I miss you. Please come back to me soon.

still weepy,
~e

Monday, November 5, 2007

Missing the Forest AND the Trees

Dear Thanksgiving,

I just wanted to drop you a note to let you know that I haven't forgotten about you. I know that half of the world and most of the stores therein are already decked out with ornaments, red and green tinsel, and the signs and tents are up for the tree lots, and all just minutes after Halloween, but I have not forgotten about you.

You're my favorite holiday and always have been.

I don't know if I just like to cook, like to feed people, like to be fed, or if my favorite thing in the known universe is being in a spice filled room with people I love, but you are it. I can't help but get happy warm fuzzies at the thought of you.

How can I begin to apologise for Corporate America's insensitivity? I know you're not the most lucrative holiday but President Lincoln wasn't too worried about that when he invented you. He just wanted a war torn country to sit down for a good meal and remember the things that made life worth living, just for a day. I suppose it was the next best thing to teaching everyone yoga but that would have been difficult in those corsets anyway, so he told an ancestral and patriotic story instead. I don't mind that its pretty much made up. It still makes me happy, gives me two days off of school when I most desperately need it, left overs for a week and a few glorious hours with people I love.

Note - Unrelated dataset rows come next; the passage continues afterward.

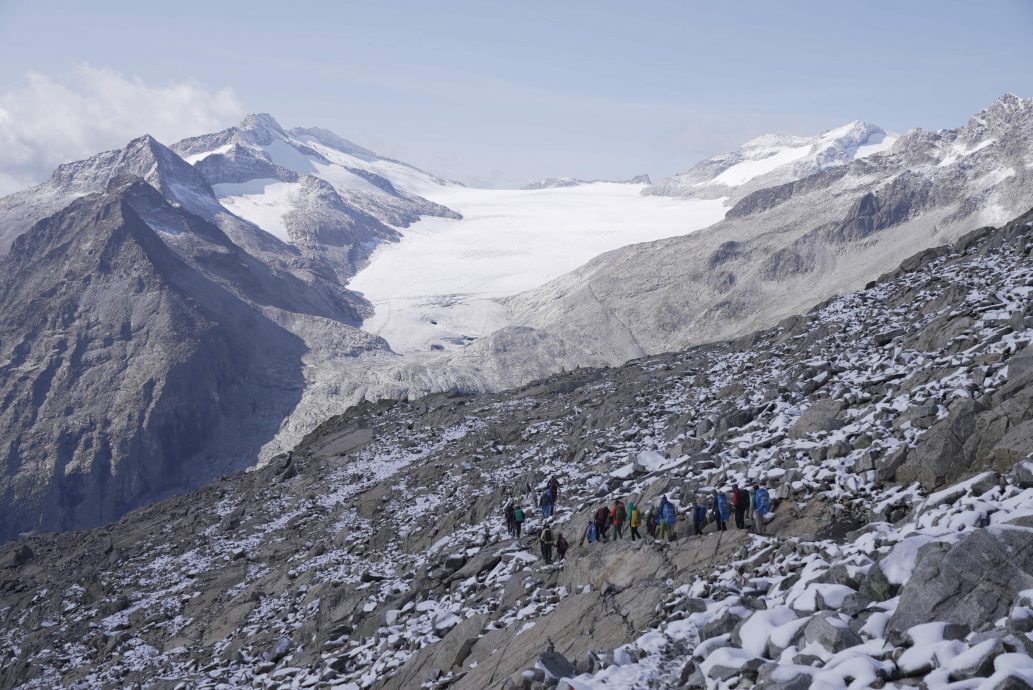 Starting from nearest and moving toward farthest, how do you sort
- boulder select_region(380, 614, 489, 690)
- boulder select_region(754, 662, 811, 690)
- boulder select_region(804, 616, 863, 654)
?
1. boulder select_region(754, 662, 811, 690)
2. boulder select_region(804, 616, 863, 654)
3. boulder select_region(380, 614, 489, 690)

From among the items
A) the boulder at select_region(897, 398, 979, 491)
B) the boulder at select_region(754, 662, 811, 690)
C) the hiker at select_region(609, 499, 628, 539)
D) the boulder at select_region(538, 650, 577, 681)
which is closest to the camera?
the boulder at select_region(754, 662, 811, 690)

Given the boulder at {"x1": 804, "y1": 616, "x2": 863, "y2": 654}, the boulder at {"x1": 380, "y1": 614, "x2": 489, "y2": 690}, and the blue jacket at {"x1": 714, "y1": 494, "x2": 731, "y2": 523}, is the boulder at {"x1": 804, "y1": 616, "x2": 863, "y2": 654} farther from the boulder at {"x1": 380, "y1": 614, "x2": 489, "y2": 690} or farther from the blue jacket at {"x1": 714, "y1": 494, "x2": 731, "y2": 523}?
the boulder at {"x1": 380, "y1": 614, "x2": 489, "y2": 690}

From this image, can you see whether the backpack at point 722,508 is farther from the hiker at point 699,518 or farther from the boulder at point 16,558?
the boulder at point 16,558

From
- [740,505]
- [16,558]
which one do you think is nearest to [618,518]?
[740,505]

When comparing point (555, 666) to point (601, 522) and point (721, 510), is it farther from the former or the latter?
point (601, 522)

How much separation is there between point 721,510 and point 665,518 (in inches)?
48.8

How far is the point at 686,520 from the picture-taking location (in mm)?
20172

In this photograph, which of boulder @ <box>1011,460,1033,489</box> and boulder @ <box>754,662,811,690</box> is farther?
boulder @ <box>1011,460,1033,489</box>

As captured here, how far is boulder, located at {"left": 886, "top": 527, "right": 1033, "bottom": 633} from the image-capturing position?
10898 millimetres

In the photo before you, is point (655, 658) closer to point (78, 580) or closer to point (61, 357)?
point (78, 580)

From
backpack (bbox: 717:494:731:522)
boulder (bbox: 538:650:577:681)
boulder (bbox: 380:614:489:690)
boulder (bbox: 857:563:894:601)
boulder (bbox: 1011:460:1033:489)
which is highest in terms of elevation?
boulder (bbox: 1011:460:1033:489)

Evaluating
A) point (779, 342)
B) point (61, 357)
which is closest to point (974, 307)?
point (779, 342)

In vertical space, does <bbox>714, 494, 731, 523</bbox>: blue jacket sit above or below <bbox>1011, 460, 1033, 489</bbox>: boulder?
below

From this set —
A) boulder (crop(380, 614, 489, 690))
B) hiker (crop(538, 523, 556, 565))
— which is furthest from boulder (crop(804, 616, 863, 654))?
hiker (crop(538, 523, 556, 565)) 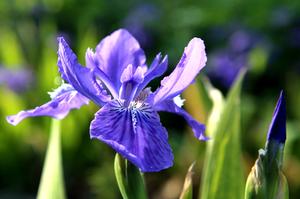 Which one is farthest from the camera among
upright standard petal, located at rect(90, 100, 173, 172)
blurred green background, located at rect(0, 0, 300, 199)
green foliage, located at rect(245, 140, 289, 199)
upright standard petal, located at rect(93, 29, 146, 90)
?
blurred green background, located at rect(0, 0, 300, 199)

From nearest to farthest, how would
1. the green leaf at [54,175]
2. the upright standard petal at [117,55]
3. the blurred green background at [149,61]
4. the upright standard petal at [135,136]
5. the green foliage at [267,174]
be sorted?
1. the upright standard petal at [135,136]
2. the green foliage at [267,174]
3. the upright standard petal at [117,55]
4. the green leaf at [54,175]
5. the blurred green background at [149,61]

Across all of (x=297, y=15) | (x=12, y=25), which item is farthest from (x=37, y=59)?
(x=297, y=15)

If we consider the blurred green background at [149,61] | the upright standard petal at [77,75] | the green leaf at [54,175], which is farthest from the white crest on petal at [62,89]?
the blurred green background at [149,61]

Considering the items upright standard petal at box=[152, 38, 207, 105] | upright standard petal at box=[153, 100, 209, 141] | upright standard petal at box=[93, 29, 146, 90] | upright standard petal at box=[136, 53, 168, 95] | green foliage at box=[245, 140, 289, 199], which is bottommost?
green foliage at box=[245, 140, 289, 199]

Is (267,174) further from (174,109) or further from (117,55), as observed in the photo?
(117,55)

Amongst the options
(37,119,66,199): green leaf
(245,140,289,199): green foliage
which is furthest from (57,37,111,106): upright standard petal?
(37,119,66,199): green leaf

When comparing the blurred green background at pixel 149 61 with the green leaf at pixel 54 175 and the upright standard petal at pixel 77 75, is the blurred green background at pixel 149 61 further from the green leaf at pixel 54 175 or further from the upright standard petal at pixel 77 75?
the upright standard petal at pixel 77 75

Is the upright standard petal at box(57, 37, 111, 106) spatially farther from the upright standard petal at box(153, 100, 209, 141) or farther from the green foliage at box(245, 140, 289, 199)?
the green foliage at box(245, 140, 289, 199) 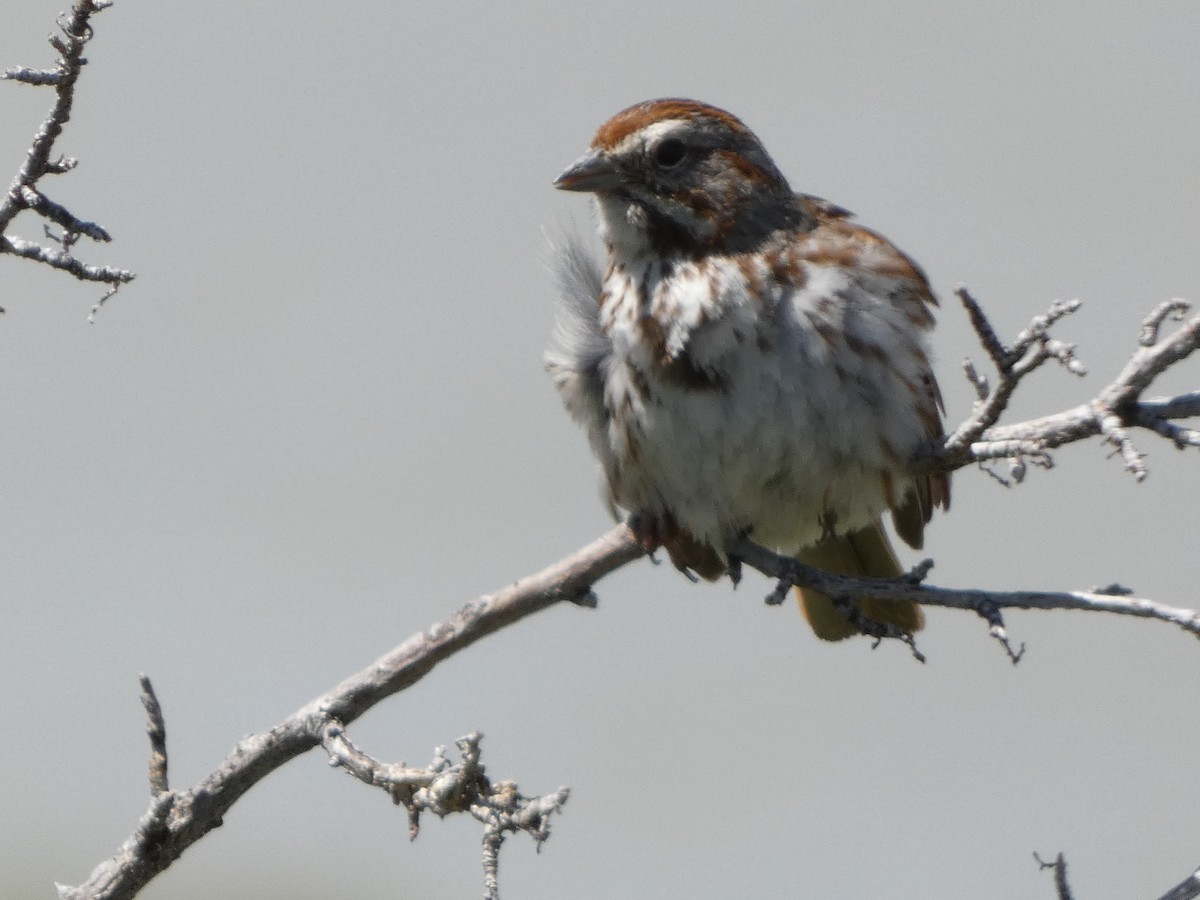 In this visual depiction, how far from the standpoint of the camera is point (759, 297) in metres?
4.36

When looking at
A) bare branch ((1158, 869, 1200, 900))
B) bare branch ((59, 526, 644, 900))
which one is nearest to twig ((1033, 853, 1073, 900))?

You're the real deal Thanksgiving! Don't let anyone tell you otherwise. I'll keep preaching the Thanksgiving gospel and you keep on keeping on.

Your devoted friend,
~Lizzie

Friday, October 26, 2007

New levels of Sleepless

(and not the Seattle kind)

Dear frustratingly sadistic Instructor of English Grammar that should really have been the practicing Russian Nazi you are and whose class I had the gross misfortune of registering for,

Firstly, welcome to the country. I'm sure someone is glad you're here. However, today, right now, I cannot say that its me.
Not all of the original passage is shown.